David Pettit
Jordan Wallace-Wolf
David Pettit ’72 is Senior Attorney at the Natural Resources Defense Council. Jordan is pursuing the joint JD/PhD in our Law and Philosophy Program. He has completed the JD and is currently writing a dissertation on privacy.
JW: Tell me a little bit about your background.
DP: I graduated in ‘72 from UCLA with a degree in philosophy and in ’75 from UCLA Law School. I’ve been a litigator my whole career. I’m now at the Natural Resources Defense Council, which is one of the big green environmental groups. I do litigation here, also some policy work, largely in the areas of air quality, climate change, environmental justice, the intersection of all of those.
JW: Is the defendant almost always a government regulator? Or do you have defendants who are corporations or persons?
DP: We do occasionally go after industry. Often, where we’ll sue a regulator, we’re basically in the business of law enforcement. When regulators don’t do their job, then we step in. Often, when you sue a regulator over some decision, the project proponent gets involved in the litigation. I have a case now involving a rail yard project near the Port of Los Angeles, and the actual defendant is the City of Los Angeles, but the railroad that wants to build the project is heavily involved in the litigation. We are suing under the California Environmental Quality Act, CEQA for short, and to file one of those, you have to name the real party in interest, which is always the project proponent.
JW: What is the nature of the project? The railroad that wants to build this yard, they're the proponents of the project?
DP: What it is, is what’s called an inter modal yard. Cargo comes in from China in big cargo containers, they’re 40-feet long, and they’ll be full of iPads or something. Many of those containers stay local, but about half of them go to the mid-west where they’re then distributed locally there. Those containers go by rail, rather than truck, which is something we support, because rail is more efficient in the emissions standpoint. Vastly more efficient.

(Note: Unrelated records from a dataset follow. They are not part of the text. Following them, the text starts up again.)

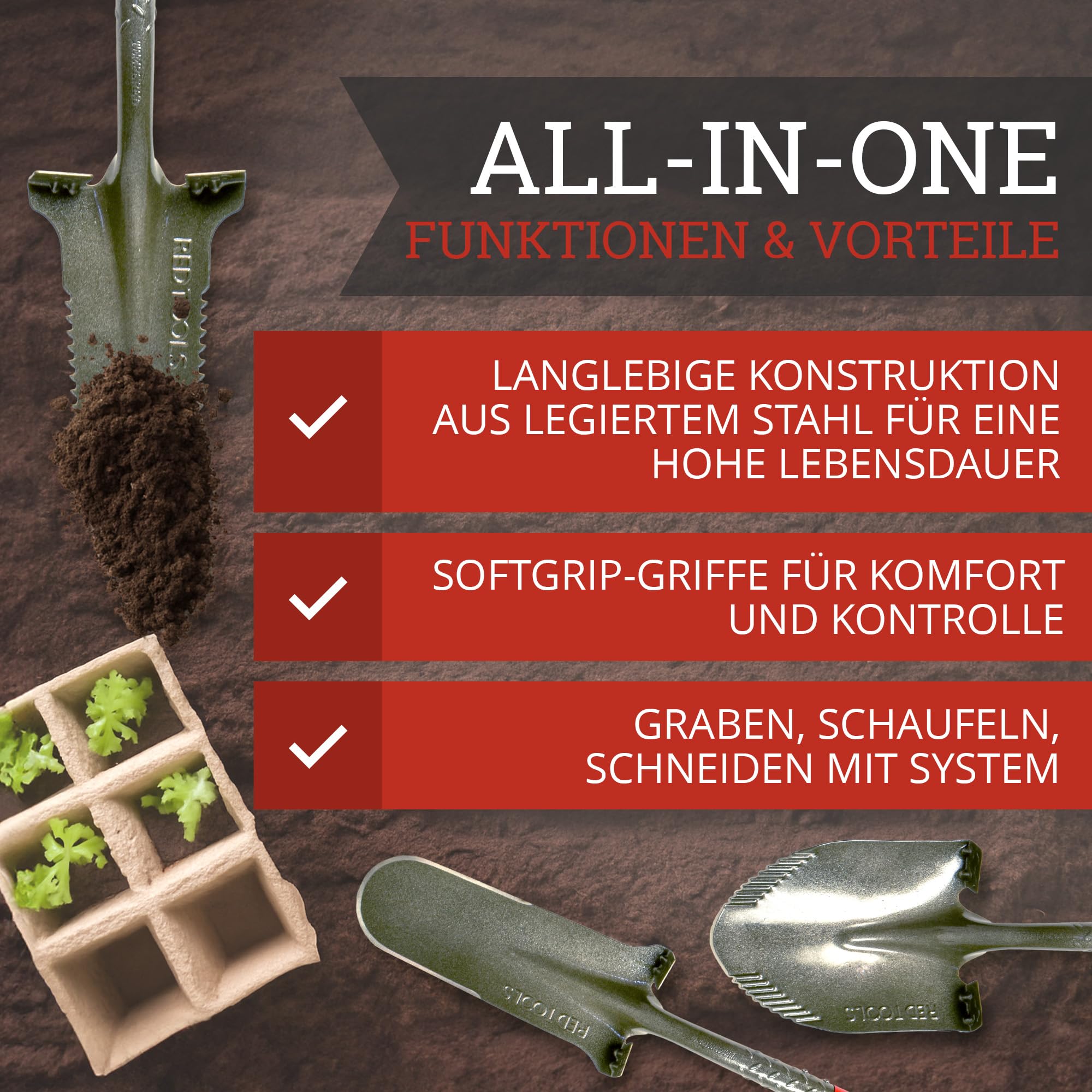 Profi Spaten Set - Robustes Garten Werkzeug inkl. Gärtnerspaten mit Wurzelsäge, Drainagespaten und Schaufel - für alle Gartenprojekte geeignet (Grau)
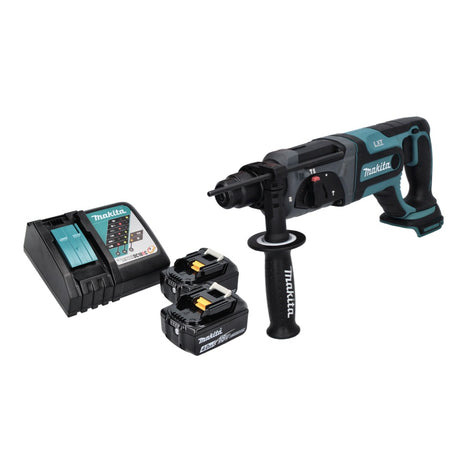 Makita DHR 241 RM Akku Bohrhammer 18 V 2,0 J SDS plus + 2x Akku 4,0 Ah + Ladegerät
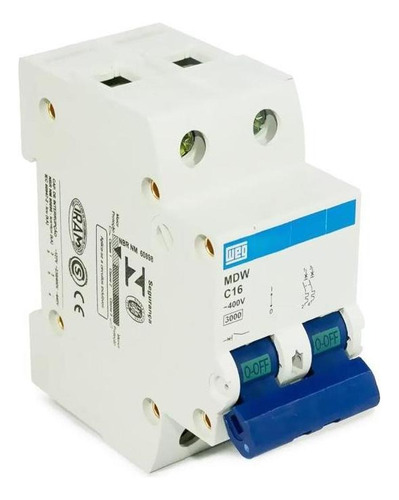 Disyuntor bipolar Curve C de 16 A - Mdw Da Weg (i)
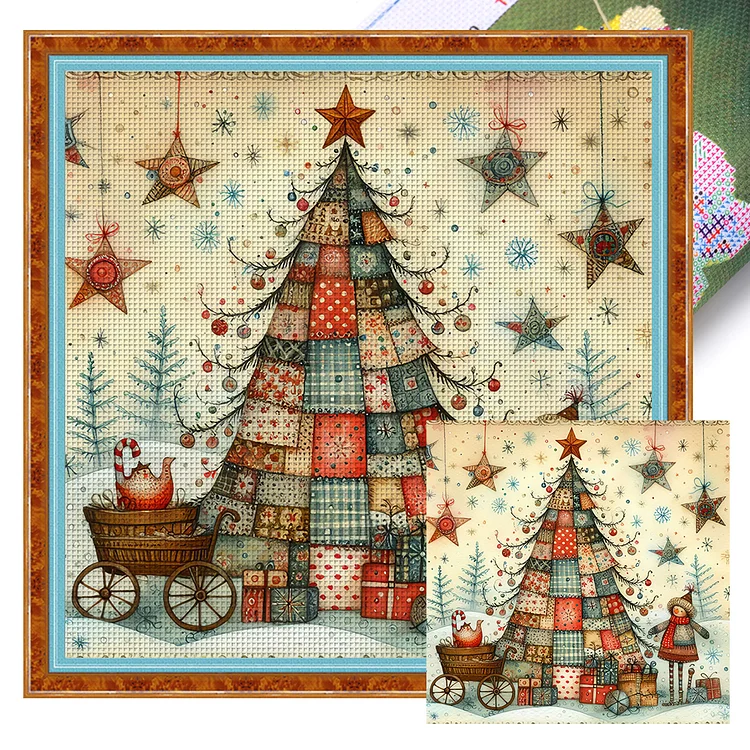 Spliced ​​Christmas Tree (50*50cm) 11CT Stamped Cross Stitch gbfke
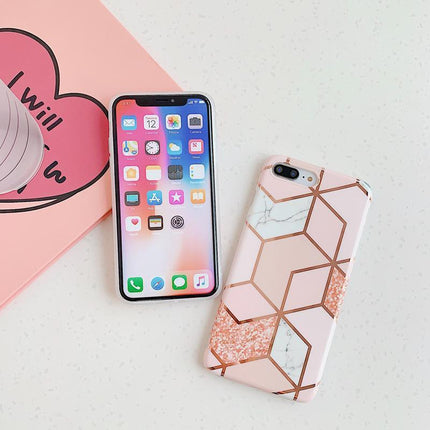 Pink Geometric Marble Case for iPhone 13 12 11 Pro Max XR XS 8 Shockproof Cover Silicone - Aimall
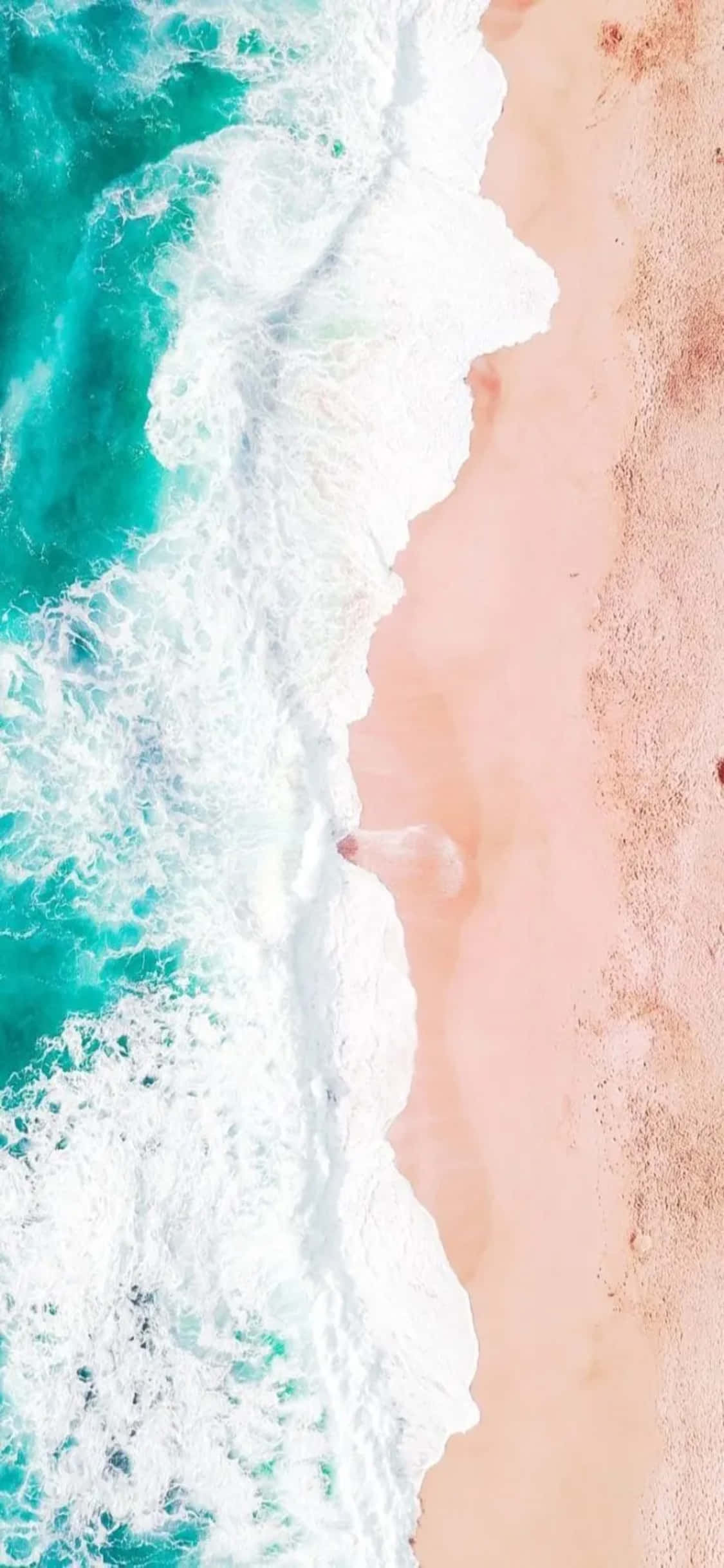 iPhone XS 沙灘浪花泡沫背景 壁紙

But one of the issues is where you put the box onto the train. Ideally, in our view, that happens at the dock, where nobody lives. But, historically, there are a few near-dock rail yards. And this project is to add another one in an environmental justice community, which is a low-income community with predominantly people of color, near the Port of Los Angeles. What happens is, the box shows up on a boat, and it gets put onto a diesel truck, and that diesel truck takes the box four miles where it would then be put onto a diesel train. So, you’ve got diesel pollution at least two ways, one from the trucks, and one from the train. This project proposes to add two million truck trips per year to this local community. Our view is, build it on-dock where nobody lives, don’t put it in an environmental justice community.
JW: I want to ask you how philosophy plays a role in your job. Does it give you different skills and do they help you?
DP: One thing I got out of my philosophy department experience was the ability to rigorously analyze an argument and see, not only how the argument proceeds, but what premises it’s based on. And that skill I use every single day in my job. I read a brief from the other side and I may think, “This is totally wrong,” but I can’t write a responding brief that says “Hey, judge, this is totally wrong.” You have to explain why, and there’s a pretense in our legal system that things are based on fact and logical application of law. So, you write briefs in that sense. You say, “Well, here’s the applicable law, here’s how it applies to the facts in front of us, and here’s why our opponent’s brief is incorrect.”
JW: What did you find interesting in your time as an undergraduate at UCLA and what you recommend to undergraduates to get the most out of what UCLA?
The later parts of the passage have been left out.